### [EXERCISE BRIEF]
Leaving out all pictures, restate word for word the lines from the one with "Green and White Chevron Sweater" through the last line of the entries.

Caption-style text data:
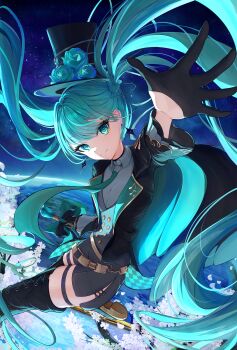 1girl absurdres aqua_eyes aqua_hair aqua_necktie arm_up black_gloves black_shorts boots closed_mouth collared_shirt earrings fengji_daze flower gloves hair_between_eyes hat hat_flower hatsune_miku highres holding holding_wand jewelry lace-up_boots long_hair long_sleeves looking_at_viewer musical_note musical_note_ornament necktie shirt short_shorts shorts smile solo top_hat twintails very_long_hair vocaloid wand white_shirt wide_sleeves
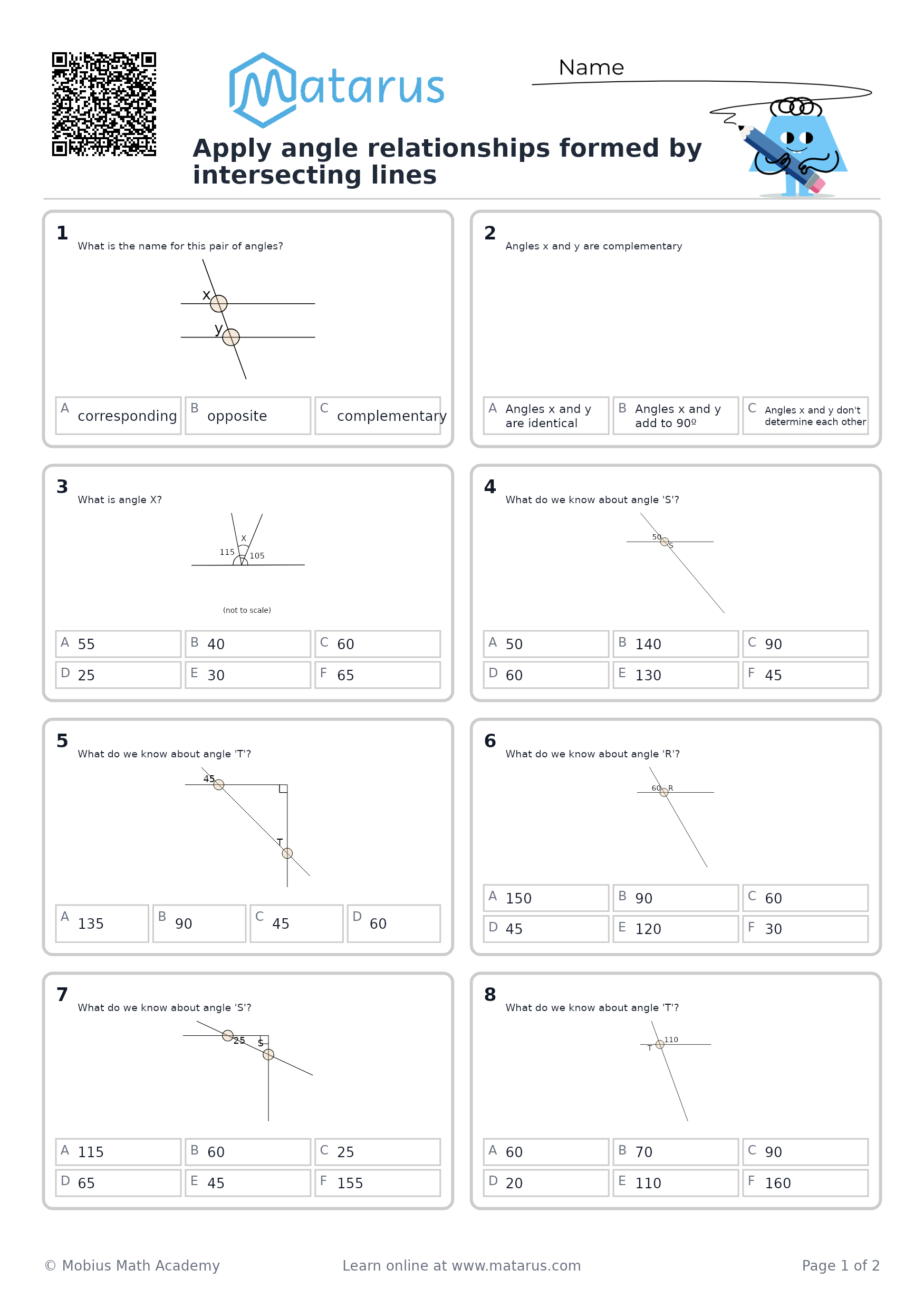 Free downloadable worksheet on grade 8 - Geometry and Spatial Reasoning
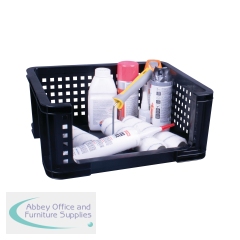Really Useful Open Fronted Crate 18 Litre Black 18OFC-BK
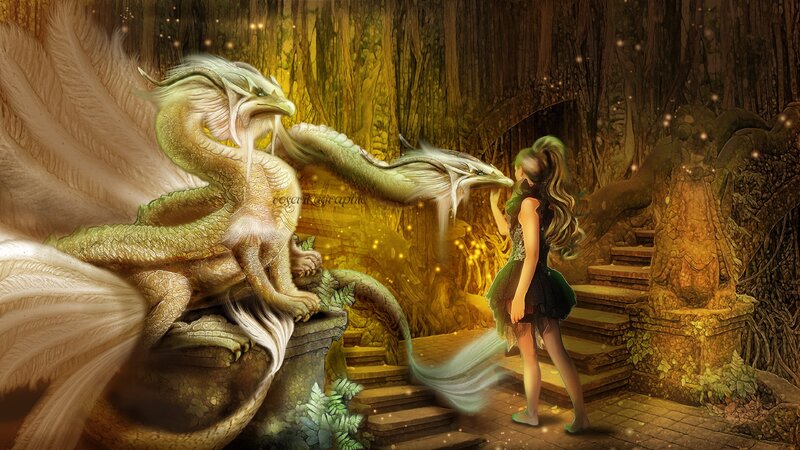 Girl and Dragon — Gold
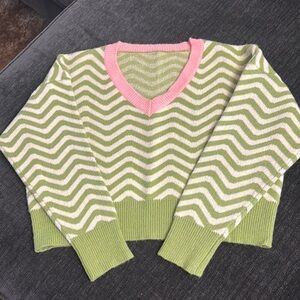 Green and White Chevron Sweater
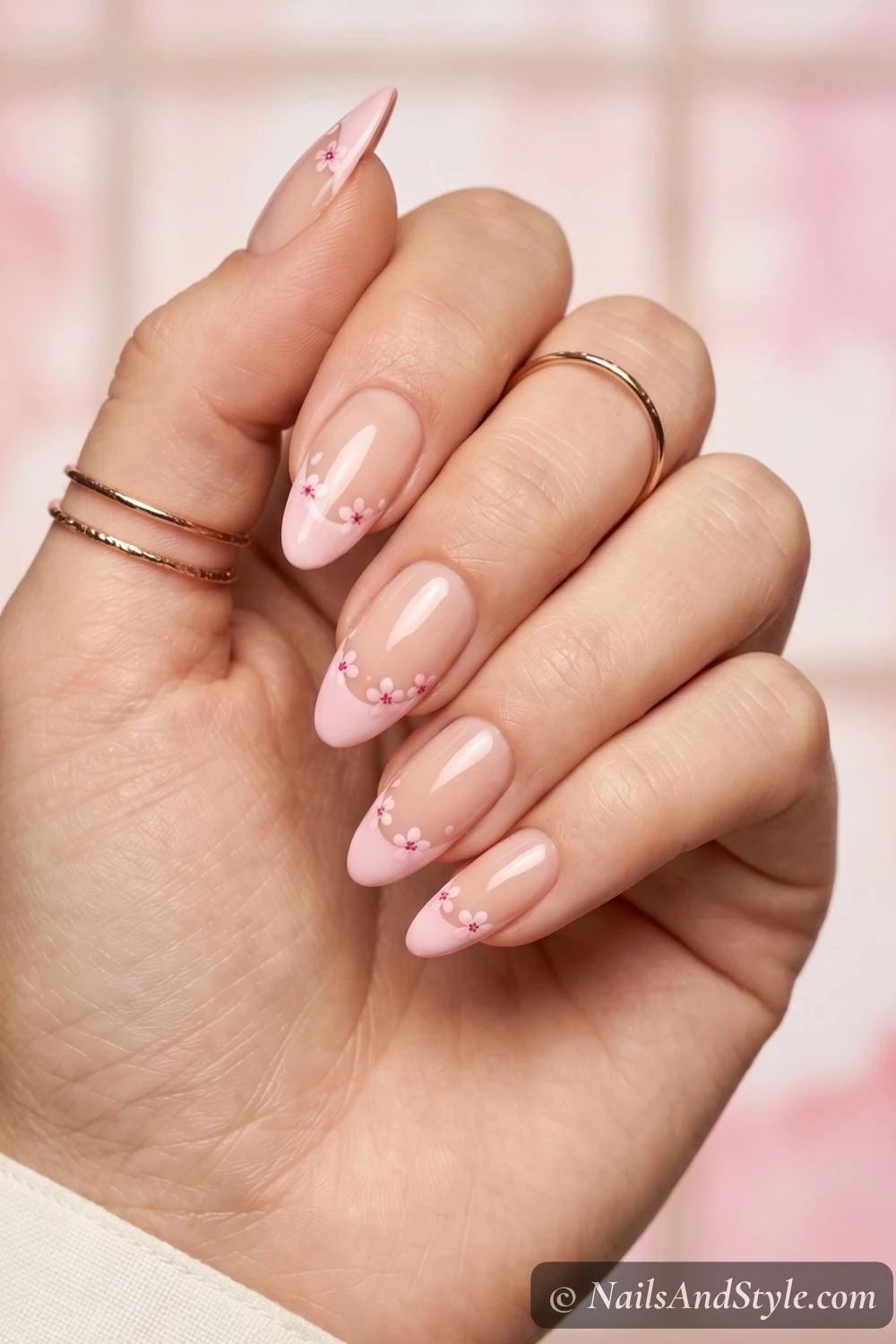 Cherry blossom French tip nails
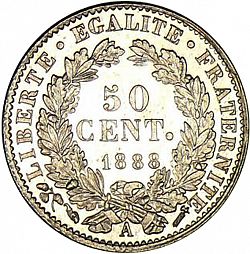 Large Reverse for 50 Centimes 1888 coin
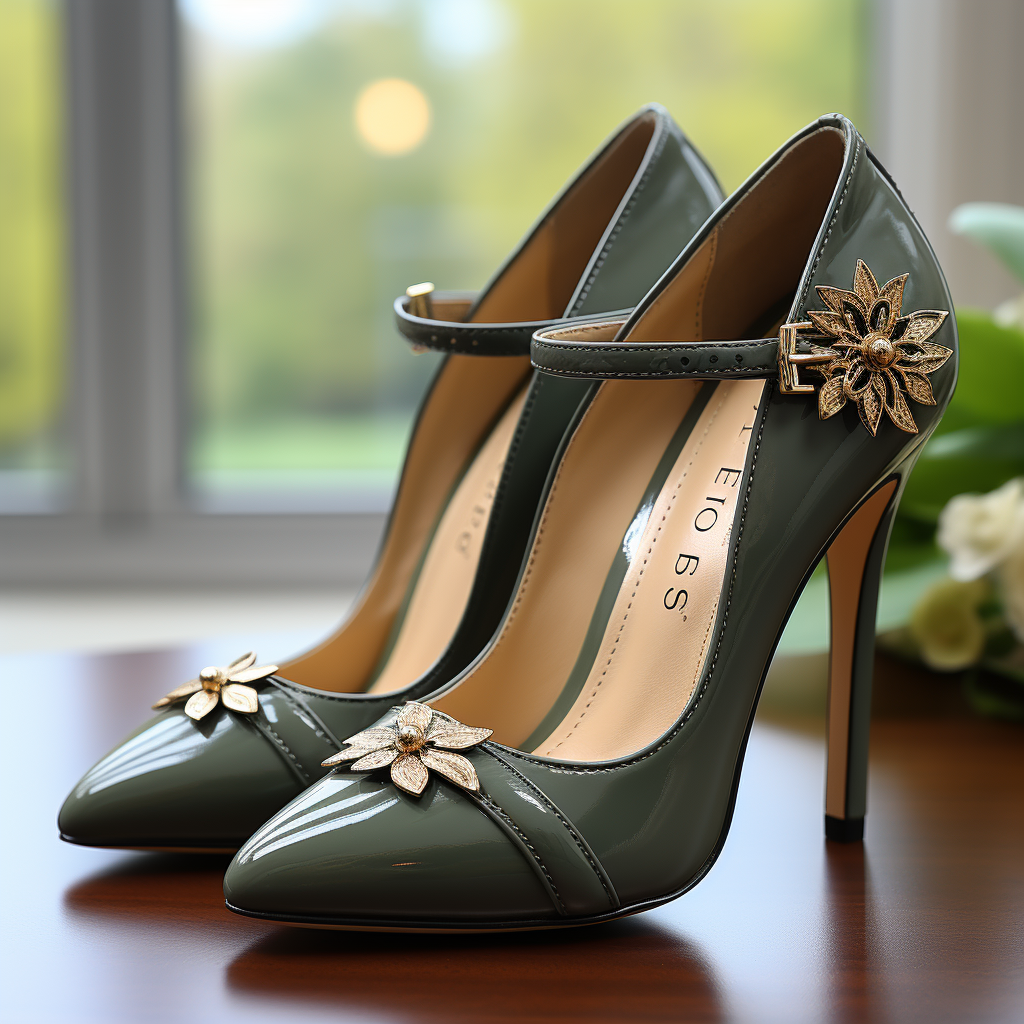 Minimalist khaki high heeled shoes for women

### [EXERCISE RESPONSE]
 Green and White Chevron Sweater
 Cherry blossom French tip nails
 Large Reverse for 50 Centimes 1888 coin
 Minimalist khaki high heeled shoes for women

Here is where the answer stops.